Ich muss jeden loben, der freiwillig einen Job an der Kasse eines großes Lebensmittelgeschäfts wie "Real", "Toom" oder "Kaufland" erträgt. Ich für meinen Teil würde den Job gar nicht durchführen können, weil ich nicht so viele Stunden auf meinem Arsch sitzen kann. Das ist mir enorm unangenehm, aber nicht der tatsächliche Grund- genauso wenig wie die alltägliche Dummheit eines 0815 profilierten Verbrauchers. Nein es geht hier eigentlich nur um die Fähigkeit, mit Stress umzugehen.

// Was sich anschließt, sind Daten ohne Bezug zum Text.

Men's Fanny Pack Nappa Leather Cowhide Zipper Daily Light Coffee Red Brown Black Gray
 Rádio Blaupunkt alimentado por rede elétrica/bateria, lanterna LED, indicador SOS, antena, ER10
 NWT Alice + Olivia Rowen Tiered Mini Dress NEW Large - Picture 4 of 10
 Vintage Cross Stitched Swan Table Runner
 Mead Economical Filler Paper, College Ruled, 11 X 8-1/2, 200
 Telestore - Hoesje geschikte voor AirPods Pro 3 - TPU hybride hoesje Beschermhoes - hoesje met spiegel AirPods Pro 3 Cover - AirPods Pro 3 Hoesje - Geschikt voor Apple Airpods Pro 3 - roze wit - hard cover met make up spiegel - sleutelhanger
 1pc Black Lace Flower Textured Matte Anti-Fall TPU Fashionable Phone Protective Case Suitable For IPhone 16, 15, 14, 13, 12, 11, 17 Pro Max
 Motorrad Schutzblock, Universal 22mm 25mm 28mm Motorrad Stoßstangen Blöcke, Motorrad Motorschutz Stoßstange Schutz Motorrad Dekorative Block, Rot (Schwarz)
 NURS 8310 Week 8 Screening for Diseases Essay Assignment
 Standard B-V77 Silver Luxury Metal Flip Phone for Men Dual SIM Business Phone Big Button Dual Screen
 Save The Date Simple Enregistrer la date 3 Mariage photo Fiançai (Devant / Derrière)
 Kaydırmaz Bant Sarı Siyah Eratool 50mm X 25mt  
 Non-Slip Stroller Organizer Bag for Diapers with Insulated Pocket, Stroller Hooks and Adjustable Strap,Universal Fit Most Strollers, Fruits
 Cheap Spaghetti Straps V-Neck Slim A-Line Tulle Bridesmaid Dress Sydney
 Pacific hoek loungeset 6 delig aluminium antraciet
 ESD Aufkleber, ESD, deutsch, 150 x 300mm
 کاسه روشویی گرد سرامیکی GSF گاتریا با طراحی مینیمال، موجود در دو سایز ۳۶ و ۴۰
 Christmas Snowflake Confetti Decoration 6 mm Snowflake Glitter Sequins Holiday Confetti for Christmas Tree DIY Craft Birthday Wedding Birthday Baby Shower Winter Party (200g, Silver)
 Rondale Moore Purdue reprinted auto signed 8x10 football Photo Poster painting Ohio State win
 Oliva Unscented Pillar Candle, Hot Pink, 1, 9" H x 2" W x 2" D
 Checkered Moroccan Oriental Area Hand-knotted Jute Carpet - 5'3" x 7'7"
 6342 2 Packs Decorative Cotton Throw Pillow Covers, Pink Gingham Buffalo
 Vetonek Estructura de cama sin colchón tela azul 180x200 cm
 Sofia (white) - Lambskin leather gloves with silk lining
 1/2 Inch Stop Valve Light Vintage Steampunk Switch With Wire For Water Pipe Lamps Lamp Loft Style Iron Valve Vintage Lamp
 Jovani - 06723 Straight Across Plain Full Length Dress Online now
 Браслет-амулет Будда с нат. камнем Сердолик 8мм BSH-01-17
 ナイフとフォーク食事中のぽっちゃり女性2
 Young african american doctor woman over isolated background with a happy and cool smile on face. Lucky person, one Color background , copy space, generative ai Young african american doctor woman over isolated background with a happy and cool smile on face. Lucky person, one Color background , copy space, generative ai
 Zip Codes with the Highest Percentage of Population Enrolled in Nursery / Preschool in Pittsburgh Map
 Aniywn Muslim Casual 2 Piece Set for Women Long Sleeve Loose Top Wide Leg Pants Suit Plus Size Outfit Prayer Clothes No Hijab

Ich musste neulich in Real einkaufen. Sicherlich kennt ihr das auch, wenn ihr sehr lange Schlange stehen müsst, obwohl ihr ne Kleinigkeit im Wert von 1-2 Euro kauft, oder? Ich war intelligent genug, mir die Rush Hour auszusuchen für den Einkauf. Es war ein Montag, an dem ich eh nicht länger was zu tun hatte, die Ferien sich aus Schlaf und Konsum zusammensetzend, doch wollte ich so schnell wie möglich diese Angelegenheit beenden. Ich suchte nach der schnellsten Kasse, nur um zu erkennen: "Die sind alle lahm." In diesem Sinne stellte ich mich an eine Kasse und wartete, bis ich die Kasse wählte, an der schon von Anfang an die wenigsten Kunden waren. Man hatte ich mich geirrt.
Es stellte sich nämlich heraus, dass eine Familie einen Fernseher kaufen wollte, und sich schnurstracks an der Kasse entschlossen hatte, eine zusätzliche Garantie auf das Gerät zu setzen. Die Menge hinter den Elektronikerwerbern war nicht sauer, aber der Kassierer war unter Druck. Selbstredend. Der Fernseher musste mitten auf der Kasse zurückgenommen und dann nochmal verkauft werden. Das ganze zog sich dann 20 Minuten. Kein Witz! Ich erinnerte mich an meine erste Kasse, und der Person die vor mir war. Die war mittlerweile fertig und auf dem Weg nach draußen. Ich dagegen hatte mich um keinen cm bewegt.
Irgendwann ging es dann allerdings weiter, und ich hatte mich dazu entschlossen, zu warten an dieser Kasse. Nicht weil. ich nun eh so viel Zeit verloren hatte, aber weil es eigentlich keinen Unterschied mehr machte. Denn früher oder später wäre die ich eh dran gekommen, also warum stressen. Für einen Abend, an dem ich nichts großes mehr vorhatte? Ich hatte alle Zeit der Welt, und ich hatte was zu tun. Trotzdem wollte ich schnell raus. Und weil ich so schnell raus wollte, habe ich länger gebraucht. Irgendwann war es, irrelevant. Trotzdem wollte ich eine Sache tun, an die niemand sonst an dieser Schlange dachte. Und als ich dann dran war sah ich den Kassierer. Ein junger Mann, wenige Jahre älter als ich, Schweiß seine Stirn zierend. Wunderte mich zugegeben kein Bisschen. Der Kerl muss sich um jeden kümmern, und nicht den Betrieb aufhalten. Gerade wenn sich jemand beschweren sollte, der aber nicht versteht, dass der Typ nicht mal Schuld trägt. Gott sei Danke ist das nicht passiert.
Als ich dann an der Reihe war sagte ich ihm: "Hey man, mach dich mal nicht kaputt, und hab heute einen richtig erholsamen Feierabend bitte, ja?" Zunächst verwundert erzählte er mir eben seinen Stress, wie ich ihn euch nun erläutert habe, aber lächelte und bedankte sich.
Ich für meinen Teil bin mir ziemlich sicher. Die Kasse zu wechseln war die absolut richtige Entscheidung.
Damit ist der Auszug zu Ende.